What normally happens when spies are caught? Well, they are normally arrested and tried, or at minimum thrown out of the country. Yet Downing Street is telling us that there was "no evidence of anyone being harmed". In short, we're being asked to believe that Russian and Chinese counter-intelligence suddenly found themselves with information so detailed that it amounts to a brain-dump of MI6, including lists of foreign agents ...... yet they walked away from the biggest gift in counter-intel history with nothing at all. Not a single arrest, not a single trial.

That the KGB and Chinese counter-intelligence are so incompetent defies belief - indeed, it is literally unbelievable.
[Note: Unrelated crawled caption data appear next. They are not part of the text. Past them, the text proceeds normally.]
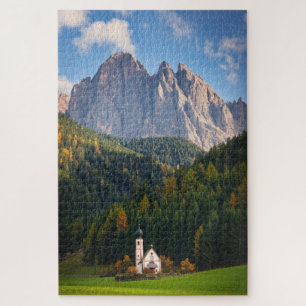 Church in front of Dolomites mountains in Italy Jigsaw Puzzle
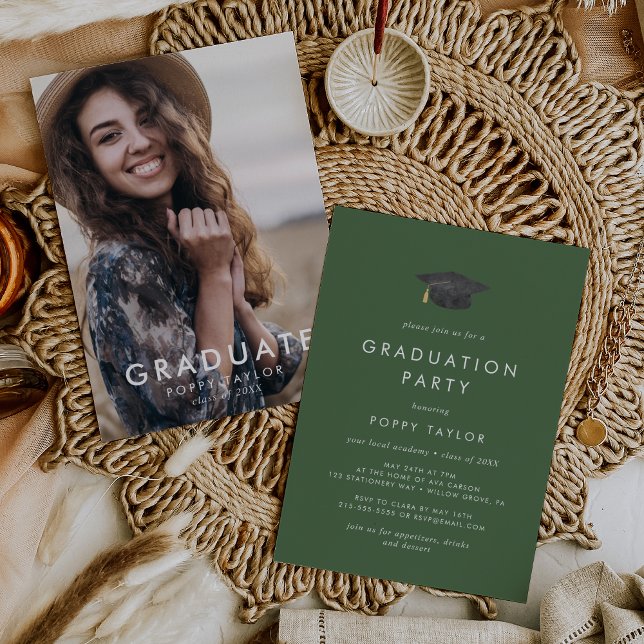 Chic Green Grad Cap Photo Graduation Party Invitation (Creator Uploaded)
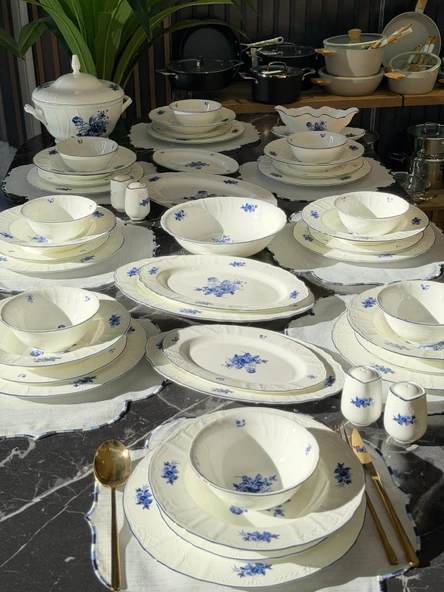 62 Parça 12 Kişilik Porselen Yemek Takımı Blue Garden ürün görseli 1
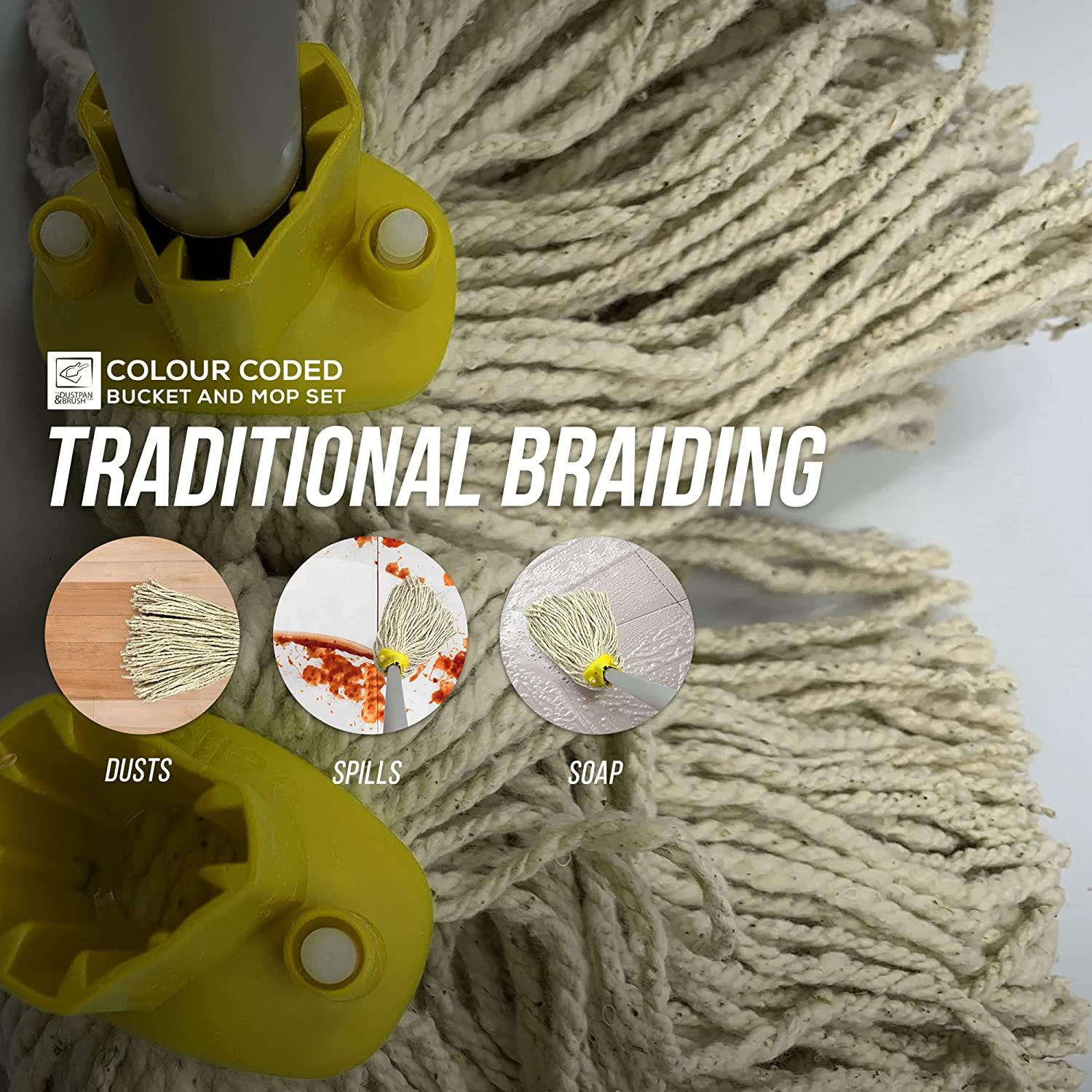 Yellow Mop Bucket with 2 Cotton Mop Heads and 4 Piece Handle - The Dustpan and Brush Store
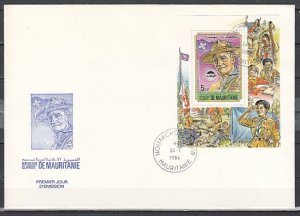 Mauritania, Scott cat. 553a. Canada Scout Jamboree s/sheet. First day cover. ^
There's a third totally implausible thing about this story. It asks us to believe that there is a cache of encrypted Snowden documents out there .... somewhere ..... and the Russians/Chinese were both able to obtain this cache, yet they could not obtain the accompanying password. So where did this cache come from? Again, the civil service is asking us to believe something utterly stupid: "Putin didn't give him asylum for nothing" .... in other words, he was given asylum in return for a secret cache of unreadable documents, that Snowden did not have any ability to unlock. What a great deal for Putin! Such a story makes little sense, and is also contradicted by Snowden himself: he said many times he did not take any documents with him. Once they were given to the journalists, that was it. And he clearly sees himself as an American patriot, so such a move would make sense: he knew he must leave America, and he knew if he had the documents he'd be forced to give them up. Solution: leave without the documents.

So if the story we're being fed here is just propaganda, where did it come from?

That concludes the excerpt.